Siamo di fronte ad una prospettiva divaricante: mentre Francia e Germania sembrano condividere una stagione neoliberista, visto che la piattaforma programmatica di Emmanuel Macron e quella di Christian Lindner sembrano essere identiche sul piano delle politiche interne, la divergenza in ordine alle prospettive europee non potrebbe essere maggiore. Il liberale Lindner è molto meno attratto del socialdemocratico Schultz dalle ipotesi di rafforzamento delle istituzioni europee: l’Europa è uno strumento che deve servire a non far deragliare, non a trainare chi è più lento. Quindi, è la Germania che deve porsi come competitore globale, rispondendo direttamente alle sfide di Trump, della Brexit, e della Cina. Macron sembra più orientato ad una Europa che agisce in modo unitario, seppure con politiche interne coerenti a renderla più competitiva sul piano internazionale. Lindner sembra aver superato il complesso della sconfitta, che cerca nell’ideale europeo un luogo in cui risolvere la secolare questione tedesca. Macron sembra voler mantenere alla Francia il suo ruolo tradizionale, quello di una potenza asseritamente vincitrice di una guerra che in realtà l’aveva vista militarmente sconfitta in appena una settimana e poi politicamente succube dei nazisti per anni: l’Unione Europea, attraverso cui la Francia controlla l’esorbitante ambizione tedesca, è stata solo il guscio di questa visione. In Germania, AfD e FDP hanno più insieme del 20% dell’elettorato, tutto pesantemente a destra della CDU-CSU: Angela Merkel non ha più nessuna scelta da fare. E’ la Germania che ha scelto.

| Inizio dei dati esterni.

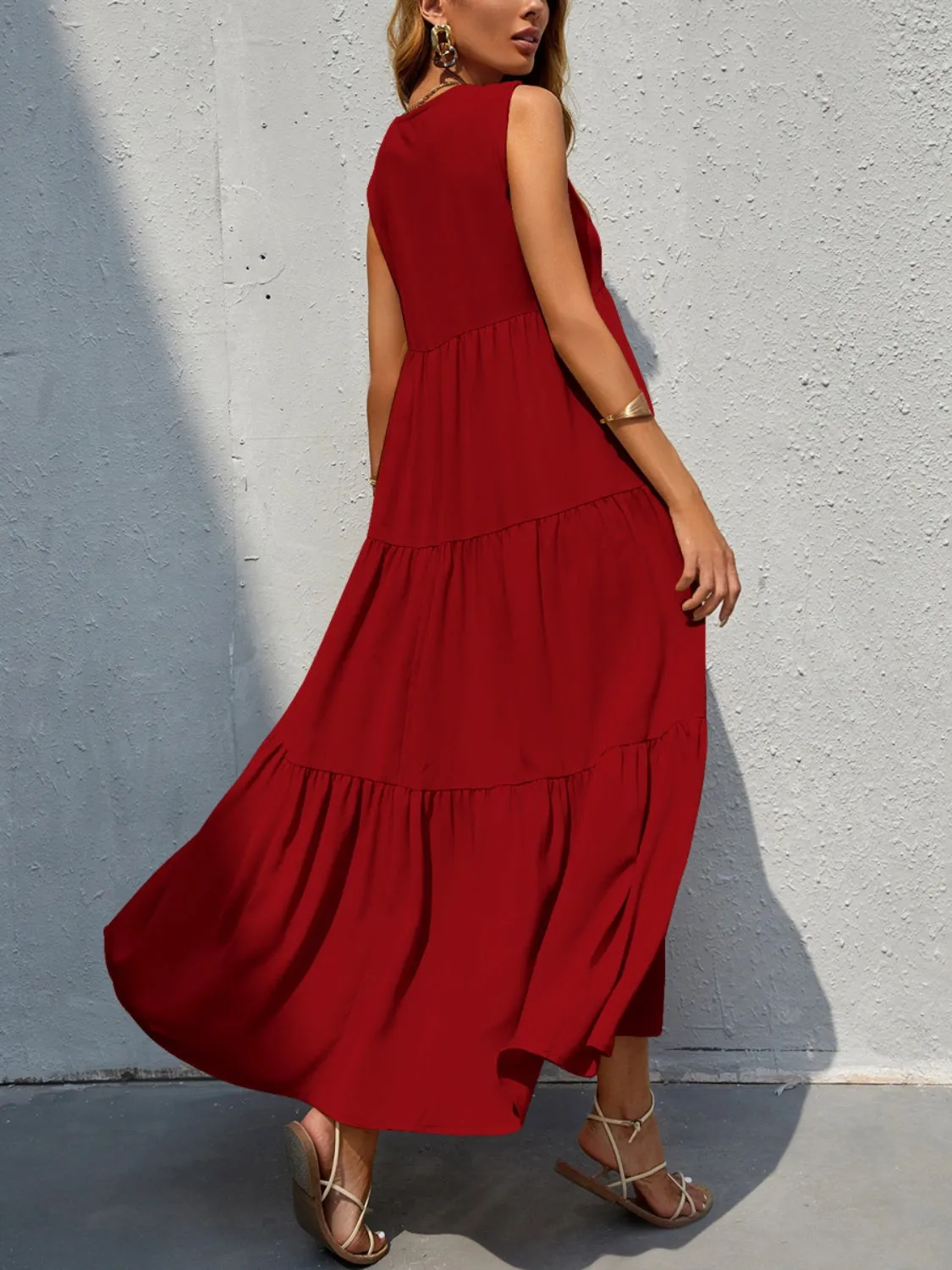 Arelly Tiered V-Neck Sleeve Dress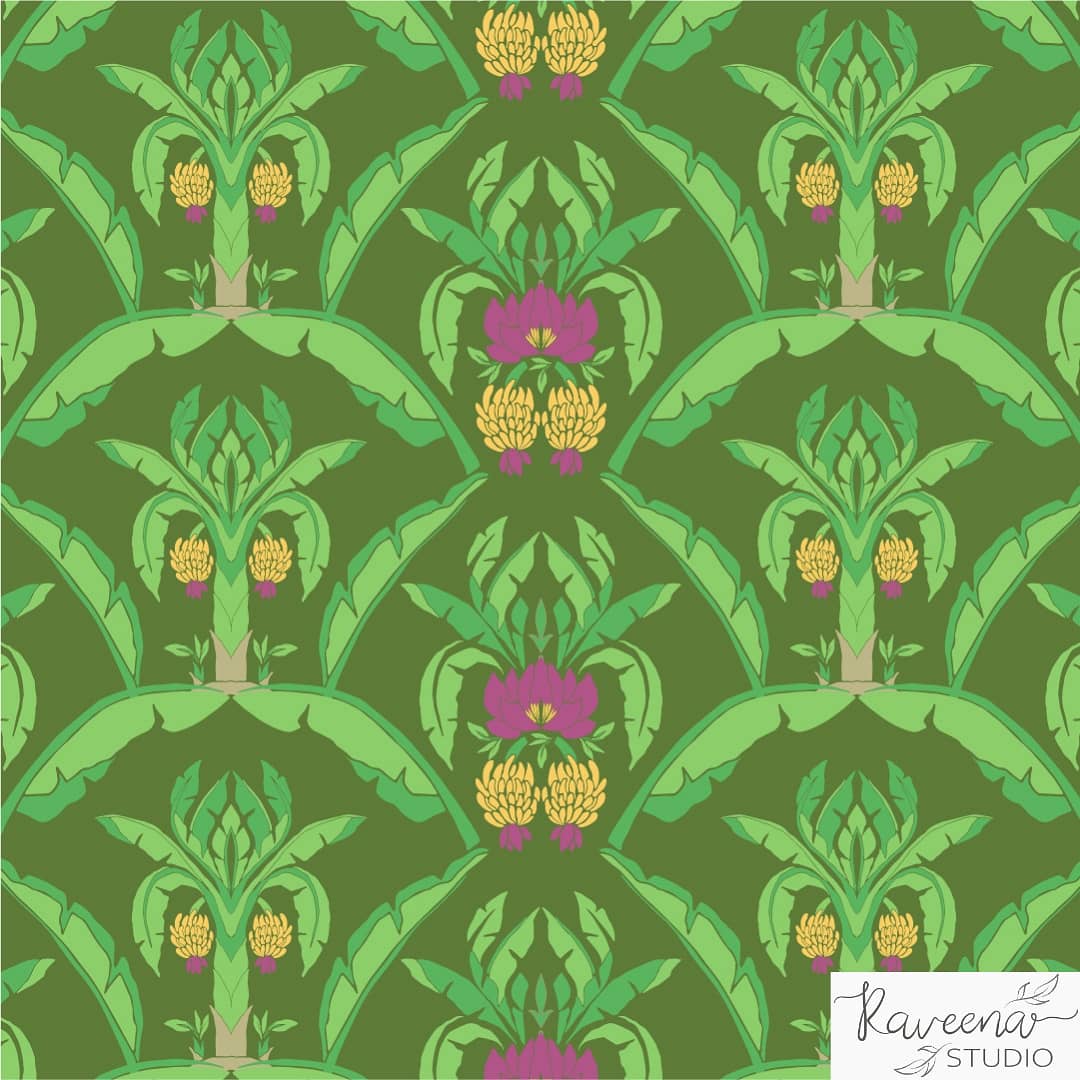 RaveenaBaskaran's tweet photo. #surfacepatterns #textileprint #textiledesign #printforhome #printforfashion #printmakers #bananarepeat #bananapattern #bananadesign #bananatree #bananatreedesign #bananatreerepeat #damaskwallpaper #damaskrepeat #damaskpatterns #damaskprints #moderndamaskwallpaper #moderndamask https://t.co/mBIZARjZaE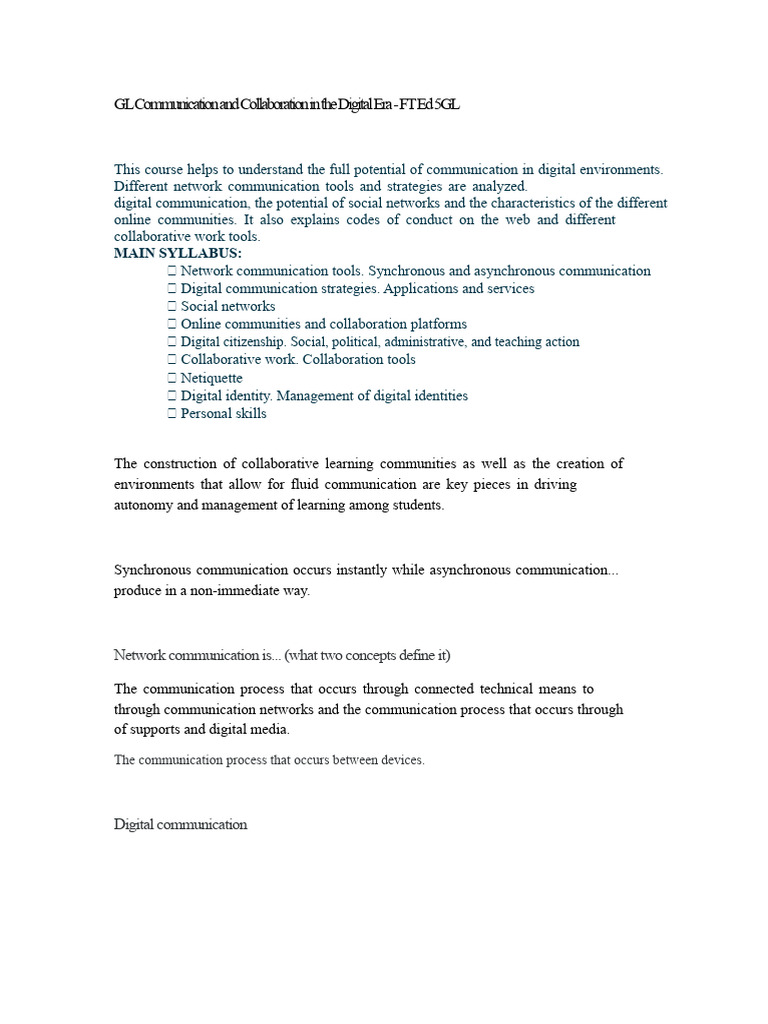 GL Communication and Collaboration in The Digital Age | PDF ...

Non è affatto paradossale, dunque, il quadro che si va delineando: come già nel passato, è nei momenti in cui la Germania sente di essere parte di una sfida globale che emerge la sua volontà di potenza. Finché era stata resa debole, divisa territorialmente perché doveva espiare le colpe del passato, e farsi perdonare, si acconciava alla unità di intenti, europea ed atlantica. Ora non c’è spazio per alcuna condivisione: anche l’impeto di Macron è stato lanciato inutilmente, come una cima in mare aperto. Ognun per sé, ancora una volta.